Forschung: Wolfgang Strittmatter erforscht seit 50 Jahren die Wasserfallhöhle / Tropfsteine im Sand entdeckt
Sie ist eines der bedeutendsten Naturwunder in ganz Oberndorf: die Wasserfallhöhle. Für die Sicherung ihres Eingangsbereichs sind im Haushalt für nächstes Jahr 150 000 Euro veranschlagt.
Oberndorf. Etwa fünf Mal im Jahr ergießt sich nach langem Regen oder Schneeschmelze ein eindrucksvoller Wasserfall aus der sonst weitgehend trockenen Höhle am Steilhang oberhalb des Restaurants zum Wasserfall. Dabei löst sich nicht selten etwas vom Eingang.

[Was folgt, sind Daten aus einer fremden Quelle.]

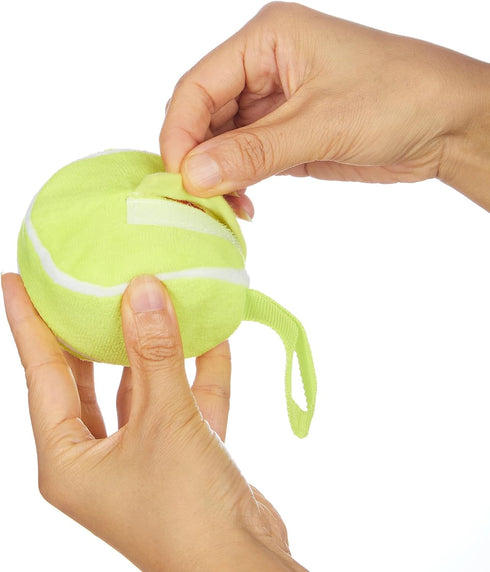 2 Pack Replacement Dog Ball Tennis Plush Cover...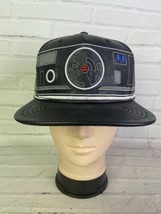 Disney Star Wars The Last Jedi BB-9E Faux Leather Black Snapback Hat Cap Adult - £24.52 GBP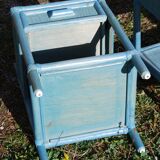 2 tables de chevet en rotin
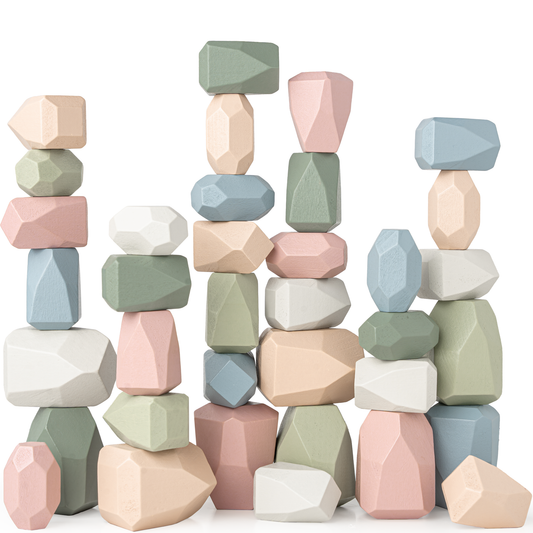 Stacking Blocks for Toddlers by Comfy Cubs in Blue or Pink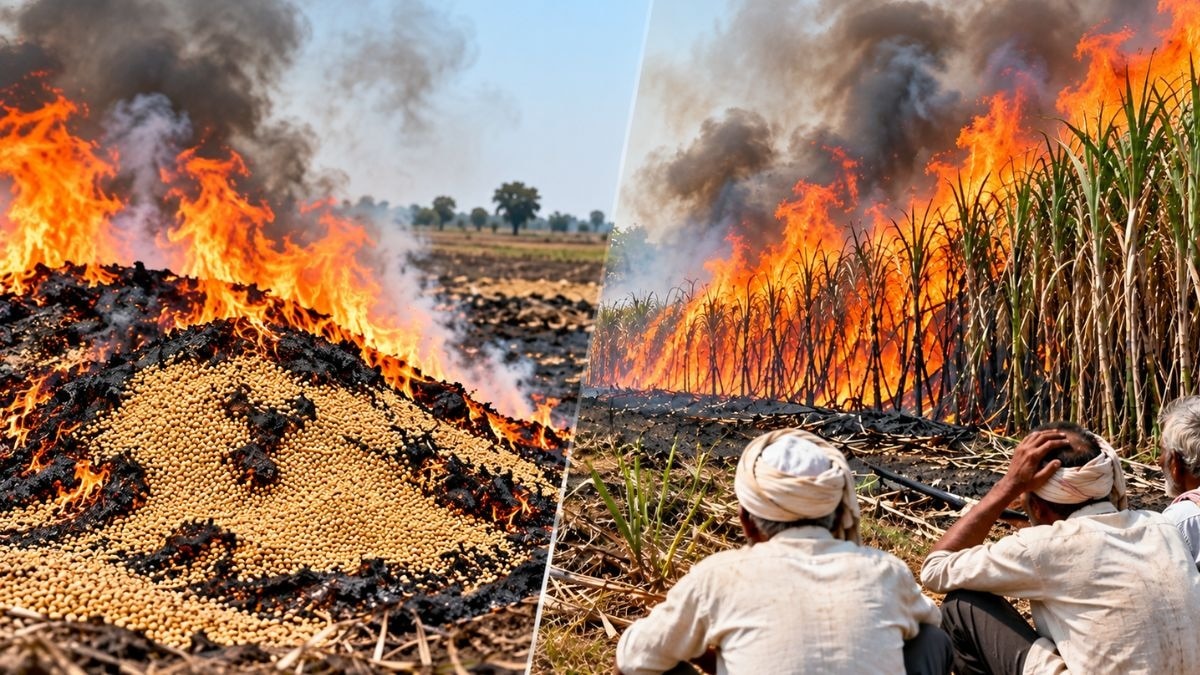 latur crop fire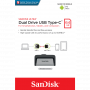 SANDISK SDDDC2-064 PENDRIVE 64GB ULTRA DUAL TYPE C        CF002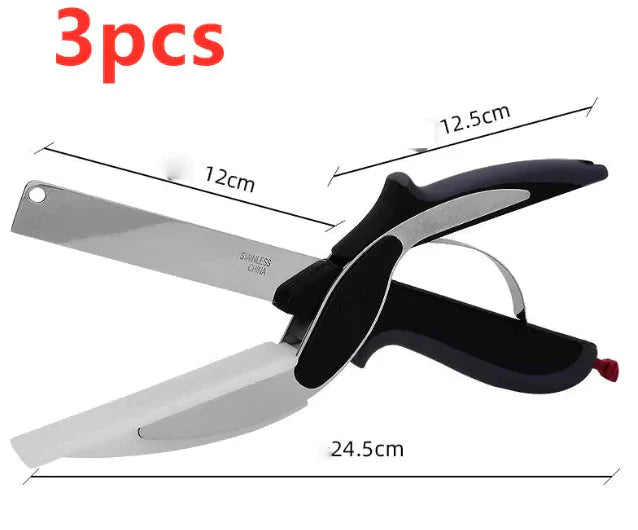 2-in-1 Multifunctional Food Scissors Anti Spier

"Das ist ganz normal für einen Steinbruch", weiß Höhlenforscher Wolfgang Strittmatter. "Normalerweise halten sich am Höhleneingang auch keine Menschen auf." Und das sei auch gut so, denn diese Höhle sei nichts für Abenteuerlustige. Viel zu gefährlich. Er erforscht sie nun seit 50 Jahren und kennt sie wie seine Westentasche – zumindest das, was von ihr frei liegt, nämlich gute 100 Meter. Der Forscher war mit Kollegen in diesem Jahr einige Male drinnen, die meiste Zeit kosteten sie die Sicherungsarbeiten. "Wenn wir nur einen falschen Stein abtragen, könnte etwas einstürzen."
An einigen Forschungsstellen sei die eigentlich durchschnittlich 1,80 Meter hohe Höhle so niedrig, dass man nur kriechen könne. Doch hinter diesem Versturz erwartet er ein mehrere Kilometer langes aktives Muschelkalk-Höhlensystem. Daraus schließt er aufgrund von Luftströmen. Bis dieses frei liegt, könne es aber noch mehrere Jahre dauern.

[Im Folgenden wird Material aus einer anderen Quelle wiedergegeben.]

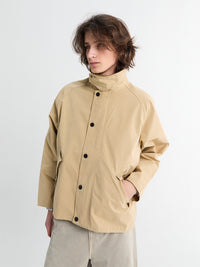 Oversized Transporter Casual Jacket in Stone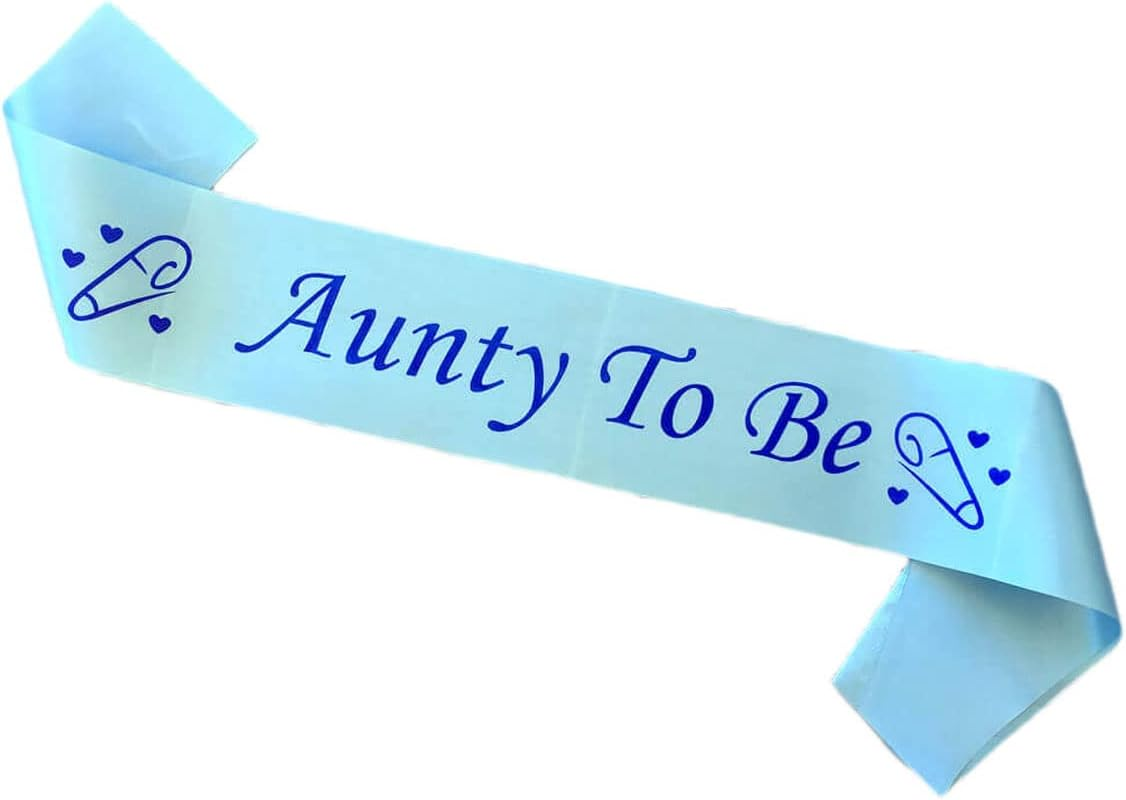 Mummy to Be Sash Blue, Satin Baby Shower Decorations, Gifts for Her, Sash Bundles Daddy - Big Sister - Grandma - Nanny - Auntie to Be Sash, 3 Colours (Pink, Blue, White) image number 4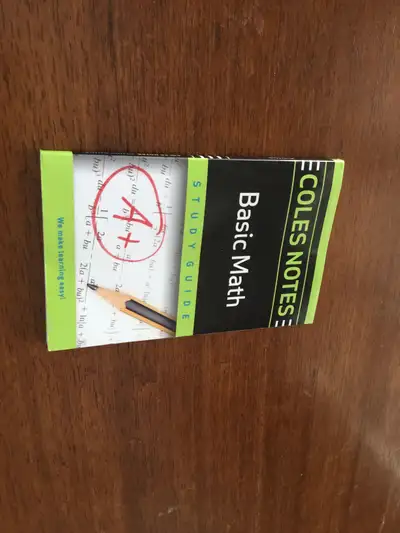 Basic Math , coles notes , View more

1876 wurde die Höhle bei Steinbrucharbeiten angeschnitten, wodurch ein Bereich im Inneren verschüttet wurde. Unterhalb der Höhle befinden sich Trinkwasser-Quellen, die von den Wasserwerken genutzt werden, außerdem hat die Höhle ein Wasser-Einzugsgebiet von sechs Kilometern. Bei starkem Regen hat sich das Wasser damals hinter dem verschütteten Teil angestaut, wie Strittmatter erklärt, bis das Geröll explosionsartig aus der Höhle gepresst und mit dem Wasserfall bis in die Ortsmitte getragen wurde.
Das ist nun fast 150 Jahre her, doch die Forscher entdecken nach wie vor Neues in ihr. So hat Strittmatter im Sand im Bereich des Höhleneingangs Jahrtausende alte Tropfsteine gefunden, die darin vergraben lagen.
Für ihn ist sein Hobby mehr eine Berufung. Man könnte sagen, dass er schon immer ein Höhlenforscher war. Er erzählt von Tierknochen und Fossilien, die er in verschiedenen Höhlen entdeckt hat und weiß alles über sogenannte Dolinen, Trichter die sich durch säurehaltiges Wasser im Kalkgestein nach oben arbeiten und dazu führen, dass gigantische Löcher im Erdboden einbrechen.
Einblicke in die Gesundheit der Natur
Strittmatter erinnert sich, wie er als Fünfjähriger aus dem Kindergarten abgehauen ist, um eine nahegelegene Höhle zu erkunden und wie jedes Loch in der Wand ihn faszinierte. Bald knüpfte er Kontakte zu verschiedenen Höhlenvereinen und sammelte bis heute einen beeindruckenden Schatz an Erfahrung an.
Die Höhlen, die er in ganz Baden-Württemberg erkundet hat, sind kaum zu zählen. 21 gibt es in Oberndorf, allesamt wurden sie von ihm erforscht und dokumentiert. Und dazu gehört mehr als Geduld und Ausdauer.
"Man macht Fotos, misst die Höhle aus und bestimmt Koordinaten, beschreibt sie genau, und dann kommen Forscher, wie Archäologen dazu und tun ihr Übriges", erklärt der Experte.
Von jeder einzelnen Höhle hat er unzählige Fotos und Dokumente in seinem Arbeitszimmer gesammelt. Die Erkenntnisse sollen zur Gewinnung des Trinkwassers dienen und Einblicke in die Beschaffenheit und Gesundheit der Natur gewähren.
Höhlen sind Strittmatters Leidenschaft. Alles, was er tue, sei ein Abenteuer. "Manchmal, wenn man dann um die Mittagszeit in den tiefen einer Höhle im Dreck liegt und voller Schlamm ist, denkt man sich: Andere sitzen jetzt am Kaffee-Tisch", meint er und schmunzelt.